Elle nous raconte que la police a pris ses médicaments, bien qu'elle souffre de maux de dos chroniques, aggravés par des mois passés à dormir par terre, dans les bois ou sur des sols humides et durs. Sans analgésiques ni anti-inflammatoires, elle aura du mal à retenter sa chance pour rejoindre la frontière et lutte de la même manière pour survivre longtemps dans des camps humides et sales, avec l’automne bosniaque juste au coin de la rue.
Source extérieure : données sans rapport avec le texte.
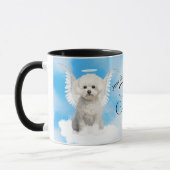 Bichon Frise Dog Angel Custom Pet Memorial Mok (Links)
Pendant leurs "tentatives", le corps des femmes subissent toutes sortes de violences. Samìa, également afghane, nous raconte qu’elle vient d’être rejetée et dépouillée de ses médicaments : « J’ai tenté ma chance des dizaines de fois, toujours en groupe et toujours de nuit mais cette fois ce sont les chiens qui nous ont trouvés et les ont laissés me mordre les mains, le dos et les jambes. Nous étions environ dix et avec nous il y avait aussi une petite fille. C’était terrible, je n’avais jamais été attaqué par un chien. J’ai des morsures et des blessures sur tout le corps. Lorsque la police s’est également approchée, j’ai été tiré et frappé à la cuisse et au cou avec le teaser. J’avais aussi le spray oral contre l’asthme dans mon sac à dos. J’ai essayé de demander à le récupérer et pour toute réponse il m’ont asséné un coup de poing. Ils ont ramassé toutes nos affaires et les ont brûlées devant nous. La police croate est très violente, sans pitié, et est en manque d'effectifs . » _”.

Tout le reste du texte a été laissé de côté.